BS Bismuth Sulfite Agar for The Isolation of Salmonella Typhi and Other Salmonellae Culture Media Medium

 PRODUCT:   Bismuth Sulfite Agar(BS)

Usages:

For selective isolation of Salmonella spp, especially for Salmonella typhi.

Principle:

Peptone, beef extract powder provides carbon, nitrogen, vitamins and minerals; glucose to provide energy; bismuth sulfite indicator suppress gram-positive bacteria and coliform bacteria, but does not affect the growth of salmonella; agar as culture medium coagulant.

Formulation(per liter):

Peptone 10g

Beef extract powder 5g

Dextrose 5g

Ferrous sulfate 0.3g

Disodium hydrogen phosphate 4g

Sodium sulfite  6g

Bismuth ammonium citrate  2g

Brilliant green  0.025g

Agar 15g

Final pH7.2 ± 0.2

How to use:

1.Suspend 47.3g in 1L of distilled water ,stirring heated to boiling to completely dissolve ,autoclave at 121 for 15 minutes.

2.Diluted and treated samples.

Storage: Keep container tightly closed, store in a cool, dry place, away from bright light. Storage period of 3 years.

Specifications: 250g/bottle

Package:Packing material:Packed in plastic bottles with plastic film wrapped

                    Capacity:20 bottle/ carton Carton size :54.5*34.5*21CM

1.Offering Free Sample for Testing .

2.R & D team to provide technical support.

3.Provide packaging, labeling OEM customization.

Q1:

Sometimes color of dehydrated culture media  between batches have subtle differences,would this affect test results?
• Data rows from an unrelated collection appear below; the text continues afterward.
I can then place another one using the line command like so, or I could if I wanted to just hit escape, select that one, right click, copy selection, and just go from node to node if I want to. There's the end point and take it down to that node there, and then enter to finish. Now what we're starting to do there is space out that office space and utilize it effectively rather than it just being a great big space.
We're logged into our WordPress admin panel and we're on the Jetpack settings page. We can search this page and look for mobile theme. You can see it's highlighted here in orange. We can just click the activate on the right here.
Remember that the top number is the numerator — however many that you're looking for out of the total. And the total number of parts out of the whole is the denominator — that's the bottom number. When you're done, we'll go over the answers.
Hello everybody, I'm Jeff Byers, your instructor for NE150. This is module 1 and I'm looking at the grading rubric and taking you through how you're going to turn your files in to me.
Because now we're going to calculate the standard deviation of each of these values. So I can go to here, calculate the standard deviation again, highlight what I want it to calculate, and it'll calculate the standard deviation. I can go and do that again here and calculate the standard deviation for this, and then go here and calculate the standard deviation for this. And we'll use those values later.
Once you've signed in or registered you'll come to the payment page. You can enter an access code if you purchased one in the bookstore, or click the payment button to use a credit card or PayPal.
A1:The source and storage conditions of raw material is different ,so there may be a slight difference in color, which is a normal phenomenon. Products from our company have to undergo a rigorous inspection and sensory biology verification before sale, to ensure that all the indicators characteristics of the product is under enterprise standard to the extent permitted, not affect the test results.

Q2:

After pouring the liquid medium on the plate , medium seems hard to clot or coagulation time is longer, is it some problem with product quality?

A2: The reason may be:

The required hydration in the preparation process have not been done completely .That is to say   distilled water is not boil sufficiently to dissolve agar. Because agar proportion, easily settle in the bottom of the bottle, if not fully shaken after high-temperature sterilization, it will lead to uneven upper agar culture gene content and difficult to set.

Q3:

Why some colonies of E. coli chromogenic medium color not shown above, but also confirmed through biochemical tests for E. coli (false negative)?
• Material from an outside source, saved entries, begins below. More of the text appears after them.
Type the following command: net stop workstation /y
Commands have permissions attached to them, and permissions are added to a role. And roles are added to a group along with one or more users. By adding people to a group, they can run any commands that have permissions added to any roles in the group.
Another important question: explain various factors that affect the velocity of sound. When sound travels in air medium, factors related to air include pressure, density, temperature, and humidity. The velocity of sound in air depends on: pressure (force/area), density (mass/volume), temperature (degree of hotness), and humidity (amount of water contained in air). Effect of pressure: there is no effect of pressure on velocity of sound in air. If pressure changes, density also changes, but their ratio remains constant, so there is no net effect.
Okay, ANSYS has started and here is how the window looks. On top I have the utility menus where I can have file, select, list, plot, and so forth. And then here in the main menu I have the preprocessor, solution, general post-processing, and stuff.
A3: E. CHROMOGENIC medium is based on the principle of specific enzyme of E. coli and design, 94% of E. coli have β- glucuronidase enzyme, with the chromogenic enzyme substrate medium role in the formation of blue-green colonies. And about 4% of the E. coli does not have β- glucuronidase enzymes, including concern O157: H7 Escherichia coli. Therefore, these E. coli can not be displayed on the color characteristic of E. coli chromogenic medium,it is possible of false-negative on the chromogenic medium. However, the traditional medium of the same can not avoid the problem of false negatives, such as: no gas or slow ferment lactose intolerance may also strain 44.5 false negatives in the conventional medium. For this small part of the E. coli can be detected using other methods.